Gill, who is hoping to continue on and finish her degree in nursing, said she had received invaluable support from family, friends and the university with her children, studies and work helping to keep her mind off her treatment.
“I had huge support from the tutors who offered me extensions on work but I declined because I did not want to get behind,” she explained.
“My family were great but were wary of discussing the subject with me but my colleagues at work were the best throughout. Work was my escape from life.
“My friends on the course helped me through the dark days and yes.....I cried myself to sleep many times but my gorgeous children gave me a reason to get out of bed and finish the course. Without them, I do not think I would have got through it.”
Once given the all clear, courageous Gill raised nearly £600 for the hospital that treated her, Christie in Manchester, by taking part in a skydive.
Senior Lecturer Julie Holland said: “Gill had to show great tenacity and strength of character to complete her studies alongside coping with personal difficulties, having been diagnosed with thyroid cancer in her first year of studies.”
Also due to graduate is Buxton mother-of-two Sarah White, 41, who has been able to fulfil a life-long dream by joining the Army Reserve Forces, thanks to the confidence she found while studying at the university.
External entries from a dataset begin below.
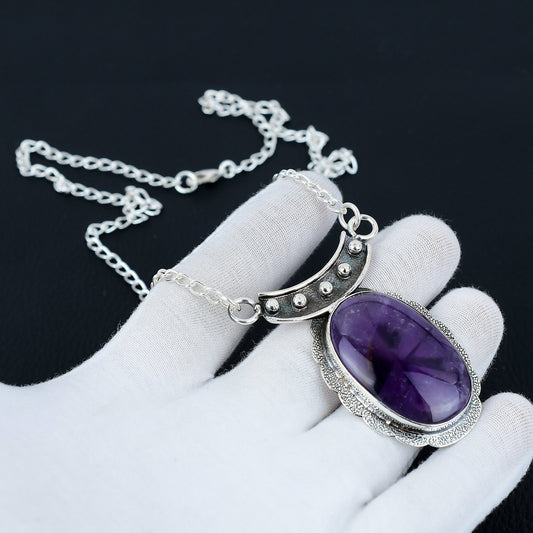 Purple Amethyst Gemstone Necklace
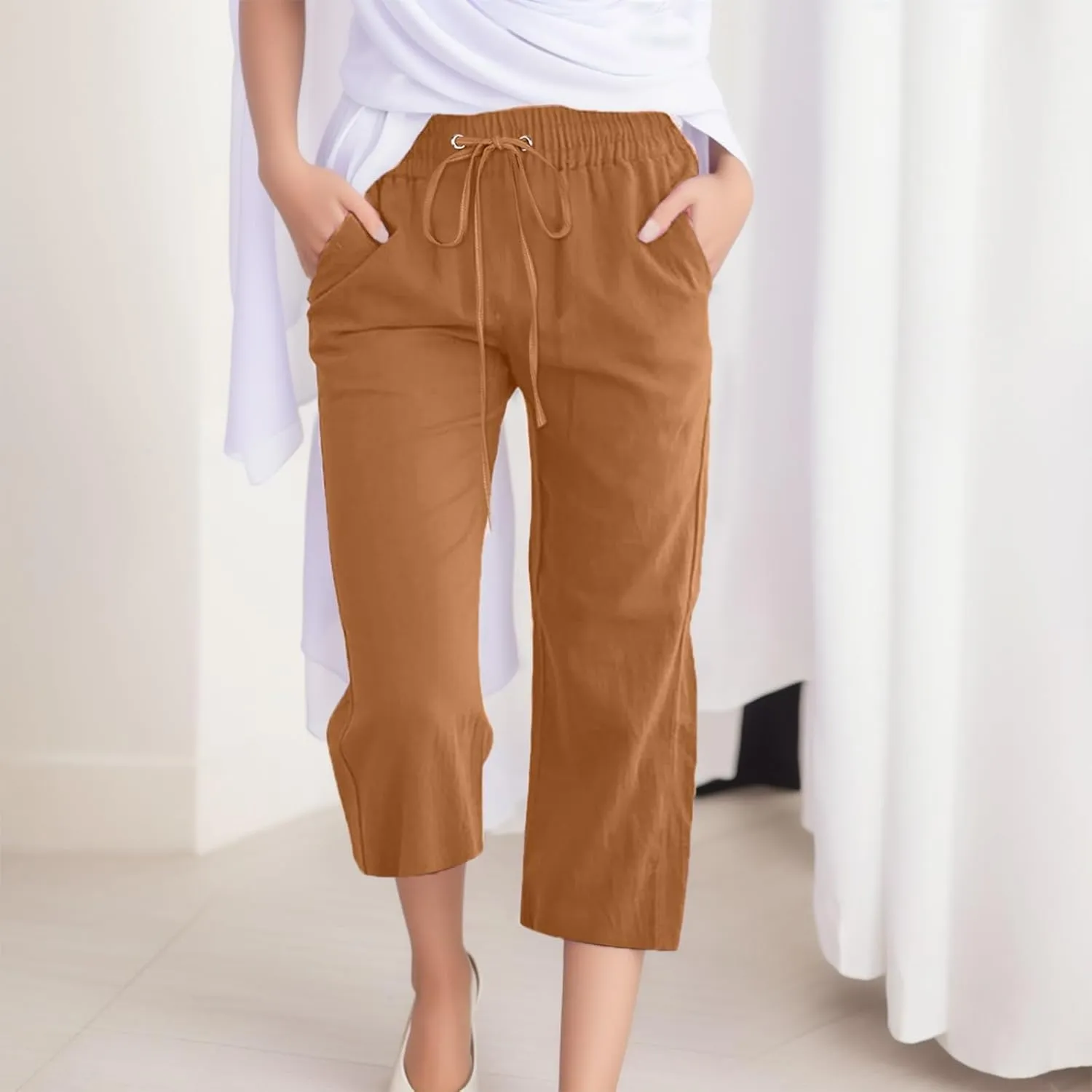 Capri Pants for Women Cotton Linen Casual Summer Pants Fashion Plus Size Drawstring Elastic High Waist Leisure Capris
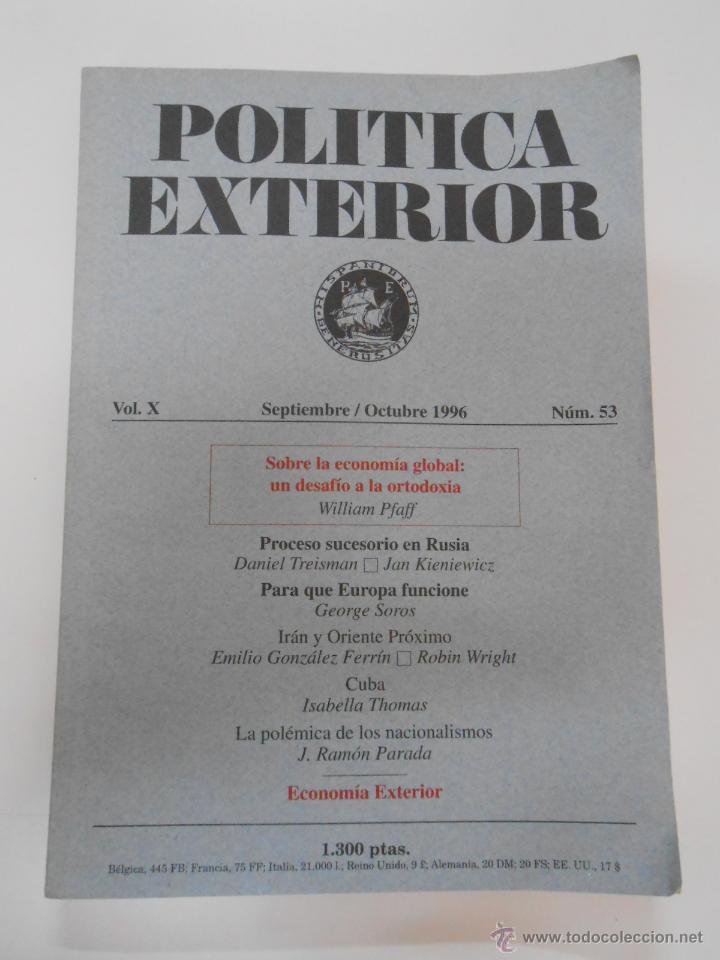 Libros: POL&Iacute;TICA EXTERIOR. REVISTA TRIMESTRAL. VOLUMEN. X. N&Uacute;MERO 53. SEPTIEMBRE - OCTUBRE 1996. TDK194 -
During her current role as a trainee assistant practitioner at East Cheshire Hospice, providing holistic care to patients with life limiting illnesses, she was offered the opportunity to study for a Foundation Degree in Health and Social Care (Assistant Practitioner) at the university. This then encouraged her to apply to work as a nurse in the Army Reserves.
She said: “My ideal job has always been to work as a nurse in the Forces although I had to wait a long time for my children to become more independent so that they could cope when I was away from home.
“Doing the Foundation Degree at Chester gave me the confidence to apply and I am thrilled that I am currently a soldier in training and have joined the Queen Alexandra’s Royal Army Nursing Corps at 207 Field Hospital in Stretford.”